Restate the records that follow word for word. Omit the images.

- **Data provided**
· · · · · · ·
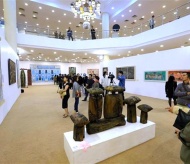 Exhibition resumes 5-year creation of Vietnamese fine arts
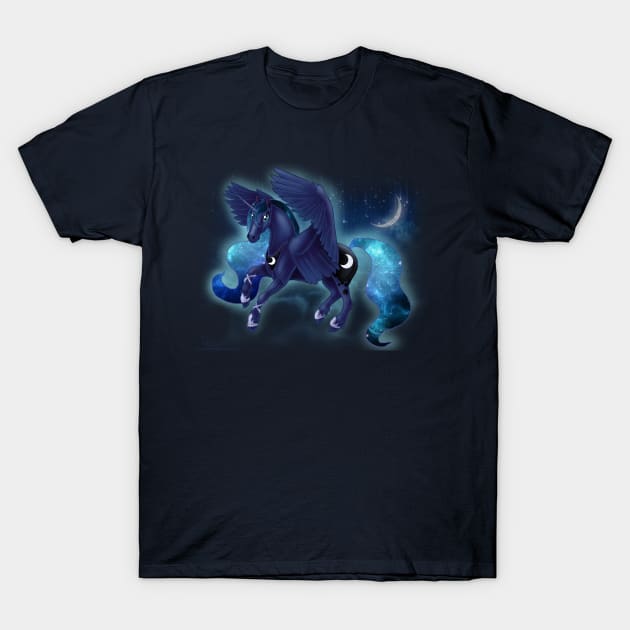 Princess Luna T-Shirt by Unicornarama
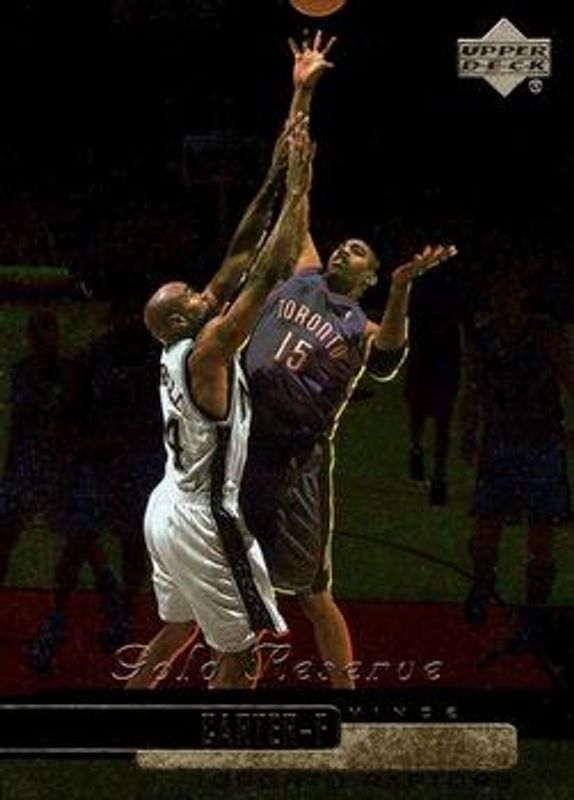 Vince Carter 1999 Upper Deck Gold Reserve #206 Base /3500 RAW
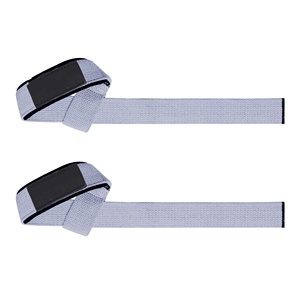 Sangles de levage pour poignets avec poignées et rembourrage en néoprène pour entraînement de force et soulevé de terre - Product Image 3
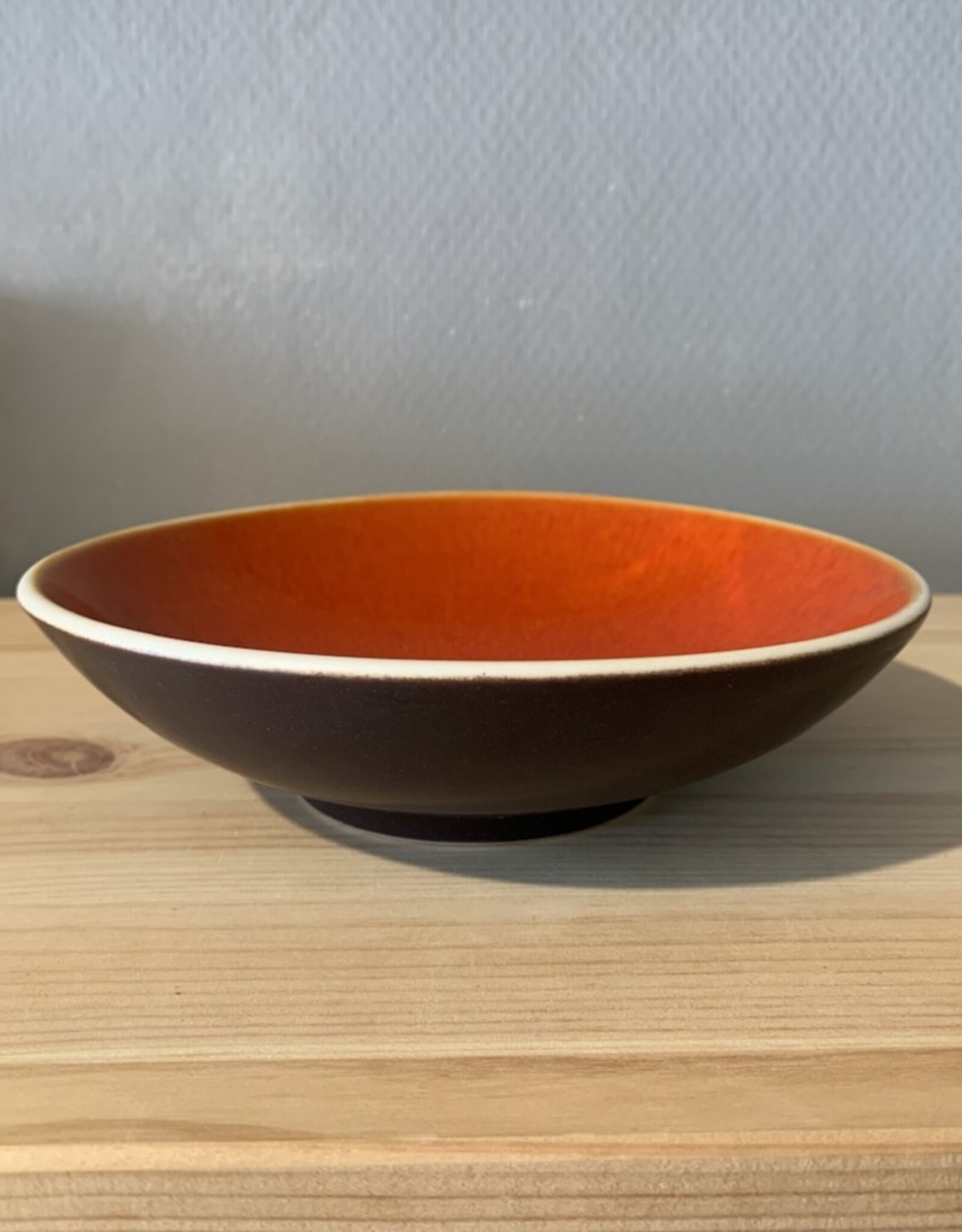 Jars Céramistes Deep plate Tourron orange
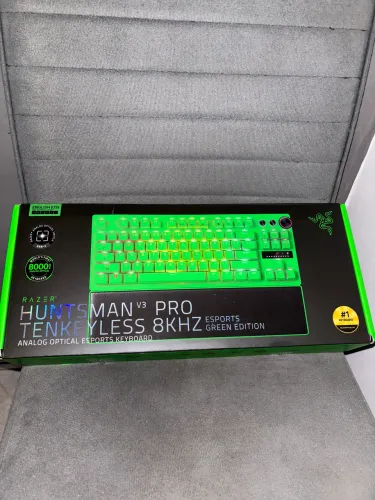 Teclado RAZER huntsman TKL V3 PRO Green edition (NOVO)
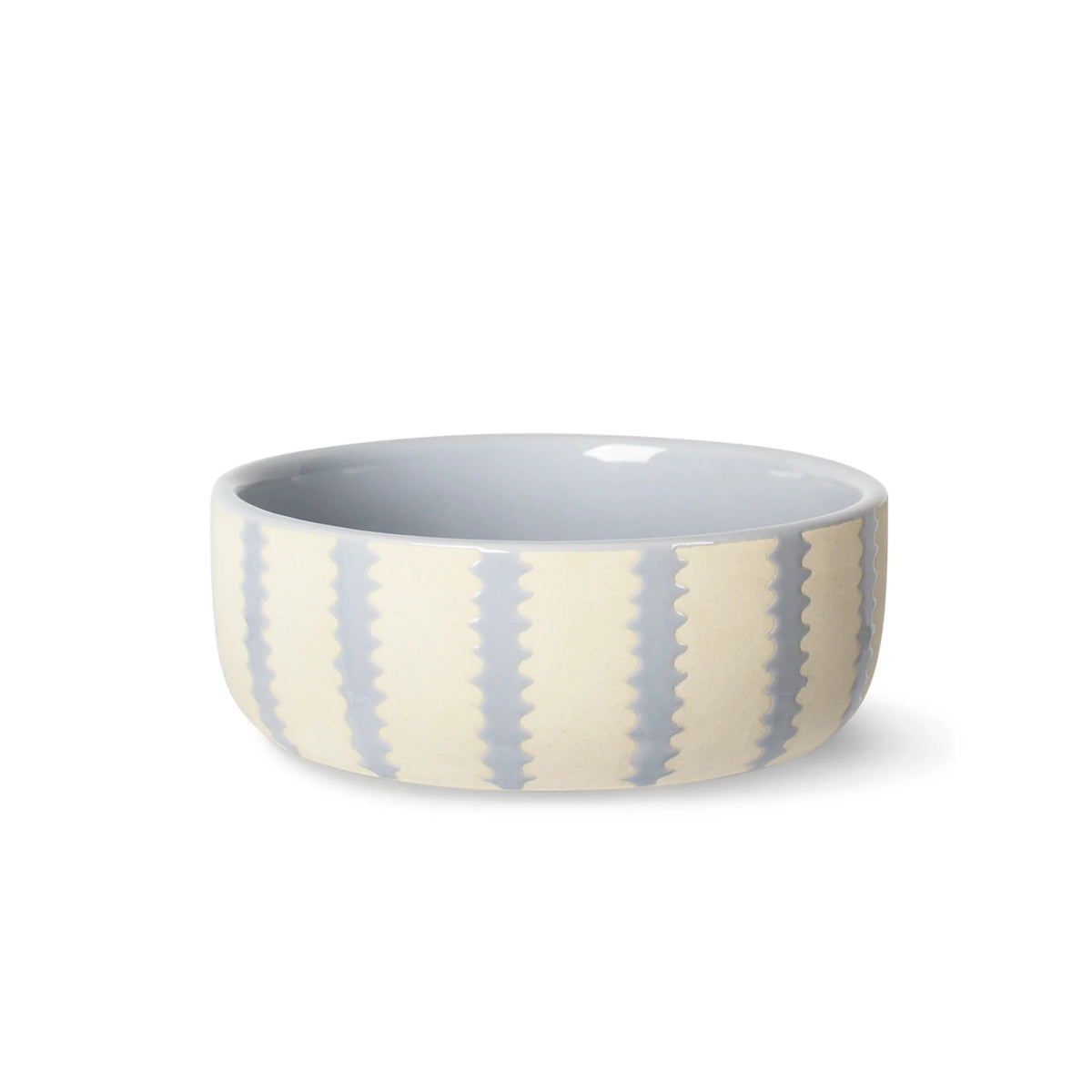 FRINGE SCALLOP POWDER BLUE SM BOWL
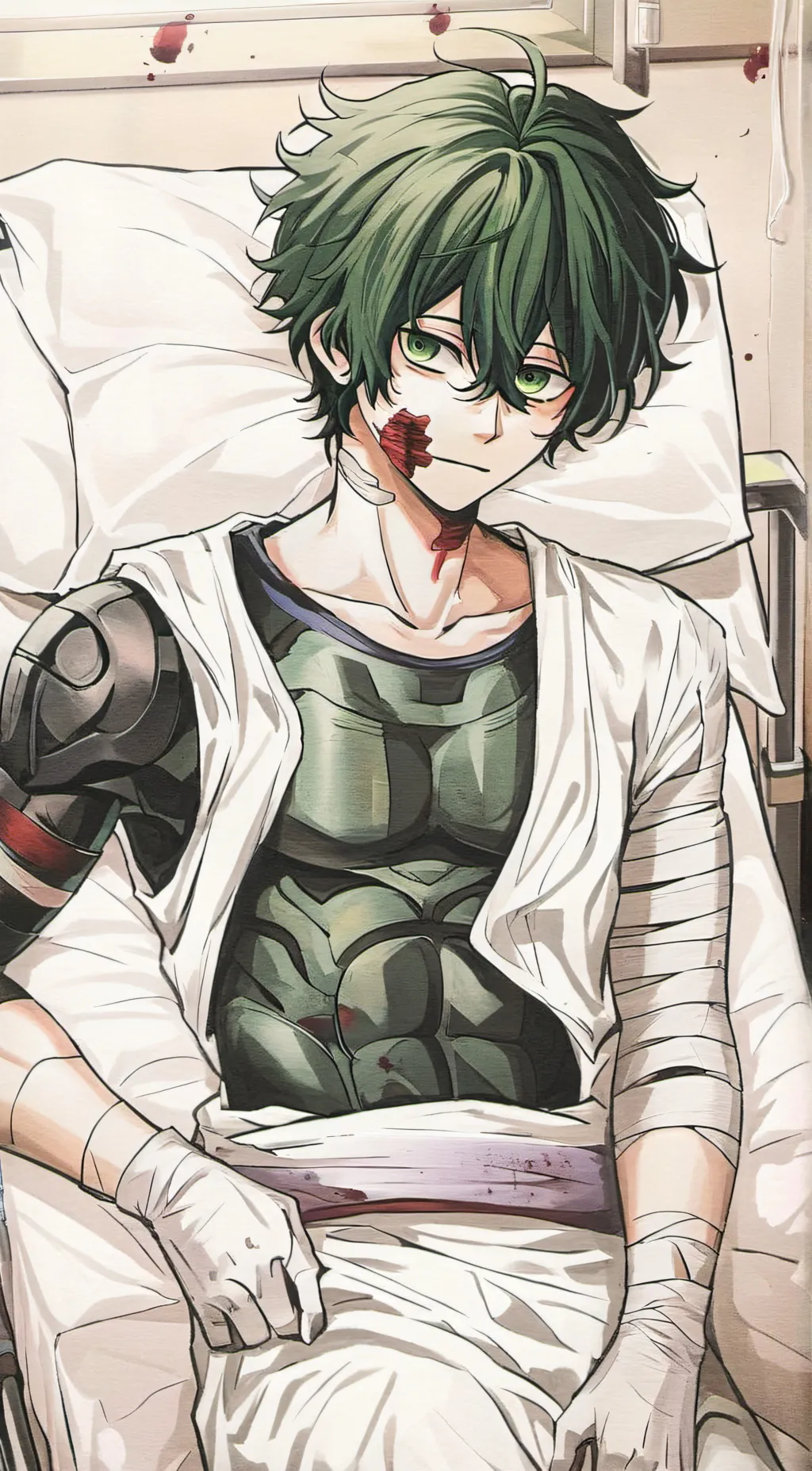 ai character: deku background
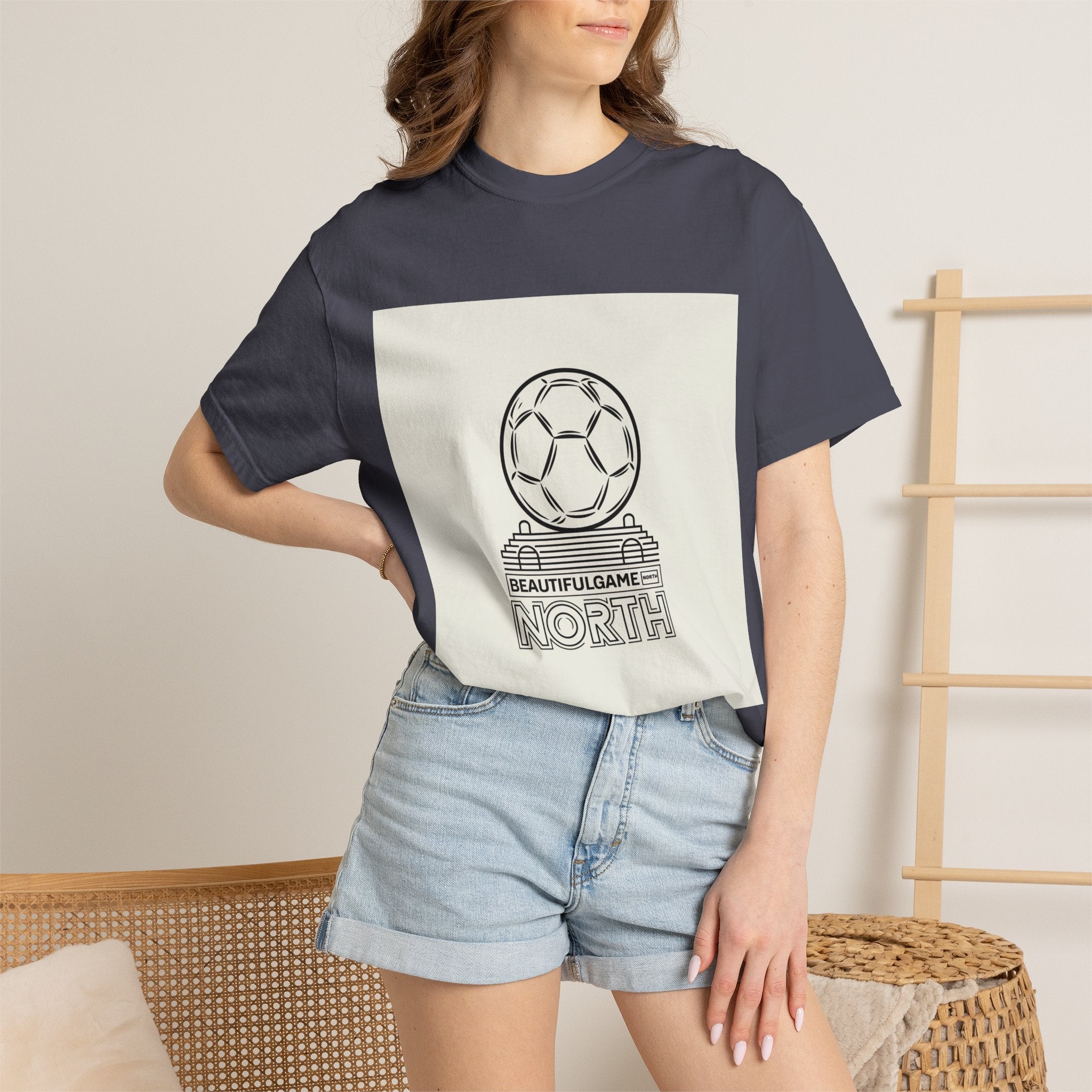 2026 Soccer Fan Vintage Garment Dyed T-Shirt Football Tee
· · · · · · ·
- **Response area**
 Exhibition resumes 5-year creation of Vietnamese fine arts
 Princess Luna T-Shirt by Unicornarama
 Vince Carter 1999 Upper Deck Gold Reserve #206 Base /3500 RAW
 Sangles de levage pour poignets avec poignées et rembourrage en néoprène pour entraînement de force et soulevé de terre - Product Image 3
 Jars Céramistes Deep plate Tourron orange
 Teclado RAZER huntsman TKL V3 PRO Green edition (NOVO)
 FRINGE SCALLOP POWDER BLUE SM BOWL
 ai character: deku background
 2026 Soccer Fan Vintage Garment Dyed T-Shirt Football Tee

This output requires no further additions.